Perhaps Snow’s single greatest scholarly achievement is the creation of the “framing perspective” on social movements, which focuses on the negotiable and emergent meanings of social-movement issues, tactics, and participants.  Snow’s approach is more social psychological and agency-centered than competing perspectives.  The framing perspective focuses attention on the signifying work or meaning construction engaged in by movement adherents (e.g., leaders, activists, and rank-and-file participants) and other actors (e.g., adversaries, institutional elites, media, counter movements) relevant to the interests of movements and the challenges they mount in pursuit of those interests. Snow's work problematizes the meanings associated with relevant events, activities, places, and actors, suggesting that those meanings are typically contestable and negotiable and thus open to debate and differential interpretation.

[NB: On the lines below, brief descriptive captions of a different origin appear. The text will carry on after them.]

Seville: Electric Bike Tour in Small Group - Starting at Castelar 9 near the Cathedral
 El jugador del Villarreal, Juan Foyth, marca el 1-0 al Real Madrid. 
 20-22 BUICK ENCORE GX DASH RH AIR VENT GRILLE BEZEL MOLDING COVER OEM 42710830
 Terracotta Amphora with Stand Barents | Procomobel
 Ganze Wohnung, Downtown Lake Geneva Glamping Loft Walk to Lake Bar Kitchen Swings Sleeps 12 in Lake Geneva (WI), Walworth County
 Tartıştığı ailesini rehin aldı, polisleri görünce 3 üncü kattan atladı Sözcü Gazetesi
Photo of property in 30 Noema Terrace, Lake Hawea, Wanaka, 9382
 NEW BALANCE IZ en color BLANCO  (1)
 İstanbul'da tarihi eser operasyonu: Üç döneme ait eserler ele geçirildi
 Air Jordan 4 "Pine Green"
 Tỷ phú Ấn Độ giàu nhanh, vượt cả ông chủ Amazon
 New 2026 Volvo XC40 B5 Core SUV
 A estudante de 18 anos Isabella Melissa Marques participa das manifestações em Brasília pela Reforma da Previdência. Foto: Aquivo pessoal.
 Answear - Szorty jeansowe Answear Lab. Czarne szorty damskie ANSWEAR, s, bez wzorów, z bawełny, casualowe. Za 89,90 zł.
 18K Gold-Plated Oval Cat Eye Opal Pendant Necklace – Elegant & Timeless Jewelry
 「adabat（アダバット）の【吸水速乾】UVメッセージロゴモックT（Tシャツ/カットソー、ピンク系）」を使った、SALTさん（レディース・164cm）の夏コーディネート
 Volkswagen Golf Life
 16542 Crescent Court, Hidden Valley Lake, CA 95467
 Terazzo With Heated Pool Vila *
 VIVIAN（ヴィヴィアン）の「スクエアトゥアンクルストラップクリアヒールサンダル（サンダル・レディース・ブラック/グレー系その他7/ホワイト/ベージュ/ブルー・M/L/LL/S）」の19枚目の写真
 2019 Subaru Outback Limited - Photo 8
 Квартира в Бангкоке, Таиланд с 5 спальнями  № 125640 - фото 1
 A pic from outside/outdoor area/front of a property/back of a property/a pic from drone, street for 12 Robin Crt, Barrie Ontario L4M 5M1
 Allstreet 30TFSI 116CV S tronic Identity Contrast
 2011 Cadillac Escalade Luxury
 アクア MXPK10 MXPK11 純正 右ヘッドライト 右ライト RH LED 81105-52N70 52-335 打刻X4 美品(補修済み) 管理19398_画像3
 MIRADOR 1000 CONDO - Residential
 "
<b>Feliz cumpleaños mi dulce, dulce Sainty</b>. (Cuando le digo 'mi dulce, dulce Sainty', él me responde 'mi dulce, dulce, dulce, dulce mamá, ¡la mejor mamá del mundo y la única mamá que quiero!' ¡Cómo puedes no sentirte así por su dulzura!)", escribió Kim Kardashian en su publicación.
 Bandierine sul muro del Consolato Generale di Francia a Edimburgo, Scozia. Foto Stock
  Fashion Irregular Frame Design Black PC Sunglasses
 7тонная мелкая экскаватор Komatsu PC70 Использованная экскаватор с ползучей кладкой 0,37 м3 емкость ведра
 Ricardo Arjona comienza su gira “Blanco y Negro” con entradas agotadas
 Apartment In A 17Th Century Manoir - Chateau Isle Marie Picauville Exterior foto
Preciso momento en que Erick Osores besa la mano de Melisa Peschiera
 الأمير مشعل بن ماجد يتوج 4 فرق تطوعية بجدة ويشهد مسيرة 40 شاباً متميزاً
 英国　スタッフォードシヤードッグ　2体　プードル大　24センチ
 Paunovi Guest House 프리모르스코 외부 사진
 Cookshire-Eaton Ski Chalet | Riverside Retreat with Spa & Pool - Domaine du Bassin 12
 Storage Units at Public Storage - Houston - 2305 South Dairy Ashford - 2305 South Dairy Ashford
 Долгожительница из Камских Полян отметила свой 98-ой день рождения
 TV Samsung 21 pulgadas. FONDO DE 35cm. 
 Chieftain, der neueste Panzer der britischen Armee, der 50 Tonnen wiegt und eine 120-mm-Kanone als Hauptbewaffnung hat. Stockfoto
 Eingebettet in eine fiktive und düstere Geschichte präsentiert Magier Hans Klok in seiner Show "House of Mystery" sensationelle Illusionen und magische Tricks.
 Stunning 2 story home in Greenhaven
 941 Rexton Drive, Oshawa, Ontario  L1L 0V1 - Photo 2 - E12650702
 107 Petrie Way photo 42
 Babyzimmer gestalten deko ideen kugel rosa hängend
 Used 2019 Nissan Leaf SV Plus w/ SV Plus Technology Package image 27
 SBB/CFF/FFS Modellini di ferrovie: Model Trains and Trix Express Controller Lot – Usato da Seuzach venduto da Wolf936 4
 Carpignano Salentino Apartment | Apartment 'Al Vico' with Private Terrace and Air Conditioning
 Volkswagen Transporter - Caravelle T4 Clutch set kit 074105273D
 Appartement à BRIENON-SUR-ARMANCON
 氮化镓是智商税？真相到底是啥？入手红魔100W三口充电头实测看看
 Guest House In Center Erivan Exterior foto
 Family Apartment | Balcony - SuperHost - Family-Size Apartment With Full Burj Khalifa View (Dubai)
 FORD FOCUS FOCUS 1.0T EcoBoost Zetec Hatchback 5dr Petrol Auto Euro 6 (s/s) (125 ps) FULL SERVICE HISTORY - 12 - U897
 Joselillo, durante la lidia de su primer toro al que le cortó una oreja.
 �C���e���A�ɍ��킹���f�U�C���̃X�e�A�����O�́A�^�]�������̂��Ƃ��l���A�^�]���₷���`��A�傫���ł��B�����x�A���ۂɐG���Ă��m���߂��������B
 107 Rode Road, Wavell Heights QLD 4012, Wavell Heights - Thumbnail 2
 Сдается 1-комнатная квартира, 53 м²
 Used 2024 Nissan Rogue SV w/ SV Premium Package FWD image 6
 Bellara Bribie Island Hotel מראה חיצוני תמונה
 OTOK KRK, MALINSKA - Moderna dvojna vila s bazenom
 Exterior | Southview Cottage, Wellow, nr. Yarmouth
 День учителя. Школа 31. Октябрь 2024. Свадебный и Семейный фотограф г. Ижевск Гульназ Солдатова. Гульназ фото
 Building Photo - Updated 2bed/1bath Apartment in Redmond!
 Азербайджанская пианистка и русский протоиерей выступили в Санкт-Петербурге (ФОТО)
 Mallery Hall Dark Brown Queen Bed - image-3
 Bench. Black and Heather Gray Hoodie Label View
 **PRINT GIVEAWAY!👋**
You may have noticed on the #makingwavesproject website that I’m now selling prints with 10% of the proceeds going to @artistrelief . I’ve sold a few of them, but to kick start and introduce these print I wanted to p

From this vantage point, mobilizing grievances are seen neither as naturally occurring sentiments nor as arising automatically from specifiable material conditions, but as the result of interactively-based interpretation or signifying work.

Snow’s research on social inequality focuses on the social psychology of extreme poverty and homelessness.  In his best-known work in this area, Down on Their Luck (University of California Press 1993, Portuguese translation 1998), Snow and co-author (and former student) Leon Anderson examine the everyday challenges faced by homeless men and women, using data from hundreds of hours of interviews, participant observation, and social service agencies.  On this unique and expansive empirical base, Snow and Anderson reveal who the homeless are, how they live, and why they have ended up on the streets.  They debunk several popular myths of the homeless with their portrayal of adaptive, resourceful, and pragmatic men and women.  Among the book’s many honors, Down on Their Luck earned a place on a list of the best ethnographies published between 1950 and 2000 by the journal Contemporary Sociology.

Honors and awards
Snow has received multiple honors and awards for his work.  The Society for the Study of Social Problems awarded Snow the Lee Founders Award for his career contributions to the study of social problems in 2008.  In 2011, he earned UCI’s highest campus-level distinction for faculty, Distinguished Professor.  In 2012, the UCI Alumni Association granted Snow the Lauds & Laurels Award for Outstanding Faculty Achievement.  In 2013, Snow won the McCarthy Award from the Center for the Study of Social Movements at the University of Notre Dame.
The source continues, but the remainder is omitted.